About the role:
You will be responsible for expanding and optimizing our data and data pipeline architecture while ensuring data quality with rigorous testing of data and data-processing code. The ideal candidate is an experienced data pipeline builder and data wrangler who enjoys optimizing data systems and building them from the ground up.
Signal Automotive has created a streamlined end-to-end workflow platform and inventory management tool to scale its wholesale business. We believe that rich, high-quality data is a key component in transforming the automotive wholesale industry. We are focused on using AI/ML to better understand the complex market dynamics in the US auto industry and to share the learned insights with our customers so they can operate more efficiently. We have made solid progress here, and a common refrain from customers is ‘Signal knows my business better than I do’.
You will work with truly awesome Business and Technology teams and will play a key role in surfacing the information hidden in vast amounts of data. Your primary focus will be on transforming tables and streams of data into well-designed data models in a variety of database systems, including Google BigQuery, PostgreSQL, and Elasticsearch. In addition to typical SQL queries and analytical functions, these transformations also include the application of machine-learning models to enrich the data. As such, candidates with an interest in machine learning are well suited for this opportunity.
As a Data Engineer you will:
- Create and maintain optimal data pipeline architecture
- Assemble large, complex data sets that meet functional / non-functional business requirements
- Identify, design, and implement internal process improvements: automating manual processes, optimizing data delivery, re-designing infrastructure for greater scalability, etc.
- Build the infrastructure required for optimal extraction, transformation, and loading of data from a wide variety of data sources using SQL, Python, and Google-Cloud big-data technologies, e.g., BigQuery, GCS, Dataflow/Apache Beam, etc.

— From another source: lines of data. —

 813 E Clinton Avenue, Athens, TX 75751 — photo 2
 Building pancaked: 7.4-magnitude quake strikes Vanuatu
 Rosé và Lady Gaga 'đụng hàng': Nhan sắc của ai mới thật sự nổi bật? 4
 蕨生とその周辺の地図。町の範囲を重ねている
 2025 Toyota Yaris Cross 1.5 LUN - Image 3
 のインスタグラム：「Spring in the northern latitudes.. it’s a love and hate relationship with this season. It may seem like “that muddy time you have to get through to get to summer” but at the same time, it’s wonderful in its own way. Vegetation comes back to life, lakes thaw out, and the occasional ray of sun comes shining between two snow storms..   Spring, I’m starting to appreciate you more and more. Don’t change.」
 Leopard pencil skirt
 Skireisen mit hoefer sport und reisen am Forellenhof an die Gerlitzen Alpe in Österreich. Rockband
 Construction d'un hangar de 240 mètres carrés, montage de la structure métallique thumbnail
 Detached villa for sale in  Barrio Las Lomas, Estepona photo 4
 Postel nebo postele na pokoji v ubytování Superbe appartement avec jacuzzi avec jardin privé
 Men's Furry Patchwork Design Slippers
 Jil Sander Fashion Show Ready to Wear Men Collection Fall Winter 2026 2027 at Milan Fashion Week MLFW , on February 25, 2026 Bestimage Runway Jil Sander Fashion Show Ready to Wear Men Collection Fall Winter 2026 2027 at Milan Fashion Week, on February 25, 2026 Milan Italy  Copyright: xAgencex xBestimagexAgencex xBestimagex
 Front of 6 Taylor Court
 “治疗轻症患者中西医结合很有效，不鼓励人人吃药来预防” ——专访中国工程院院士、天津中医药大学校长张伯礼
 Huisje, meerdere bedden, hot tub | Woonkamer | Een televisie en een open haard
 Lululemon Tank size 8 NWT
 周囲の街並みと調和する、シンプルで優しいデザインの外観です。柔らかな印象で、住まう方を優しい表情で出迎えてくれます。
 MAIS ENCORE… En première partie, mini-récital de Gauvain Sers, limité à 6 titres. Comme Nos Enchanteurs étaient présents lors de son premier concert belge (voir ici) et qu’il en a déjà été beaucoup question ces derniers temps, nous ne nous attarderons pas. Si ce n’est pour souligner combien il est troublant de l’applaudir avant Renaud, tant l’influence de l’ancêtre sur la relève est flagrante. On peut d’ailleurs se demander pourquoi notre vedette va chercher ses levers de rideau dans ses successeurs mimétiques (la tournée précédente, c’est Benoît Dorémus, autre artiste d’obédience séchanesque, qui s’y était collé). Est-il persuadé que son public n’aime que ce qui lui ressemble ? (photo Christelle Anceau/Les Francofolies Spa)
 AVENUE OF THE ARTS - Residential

- Contribute to building and maintaining a system for continuous integration and deployment of changes to data systems
- Build analytics tools that utilize the data pipeline to provide actionable insights
- Work with stakeholders including the product, operations, and development teams to assist with data-related technical issues and support their data infrastructure needs
- Create data management tools for analysts and data scientists that assist them in building and optimizing our product into an innovative industry leader
- Work with data and analytics experts to strive for greater functionality in our data systems
Preferred candidates have:
- Expert knowledge of SQL and experience optimizing SQL queries in multiple databases
- Experience building and optimizing big-data pipelines, architectures, and data sets
- Experience delivering real-time analytics and machine learning predictions
- A successful history of manipulating, processing, and extracting value from large disconnected datasets
- Experience maintaining data quality and data equivalence between ML-model training systems and ML-model serving systems
- Experience performing root cause analysis on internal and external data and processes to answer specific business questions and identify opportunities for improvement
- Proficiency with Python and basic libraries for machine learning
- Experience with message queuing technologies such as RabbitMQ, Kafka, and/or Pulsar
- Experience with horizontally scalable data warehouse technologies e.g., Google BigQuery, Hadoop+Hive, Snowflake
- Experience with various SQL and NoSQL databases, including PostgreSQL and Elasticsearch
- Experience with data pipeline and workflow management tools e.g., Airflow, Dagster, Prefect, Cloud Composer
- Experience with stream-processing systems e.g. Spark Streaming, Flink, Apache Beam, Kafka Streams, etc.
- Strong understanding of data structures and algorithms
- Familiarity with Linux, Docker, and Kubernetes
- Experience with the lifecycle of machine-learning model development
- Familiarity with processes and technical vocabulary working with Agile software teams
- Excellent teamwork skills
- University degree in Information/Computer Science or related
- Very comfortable with English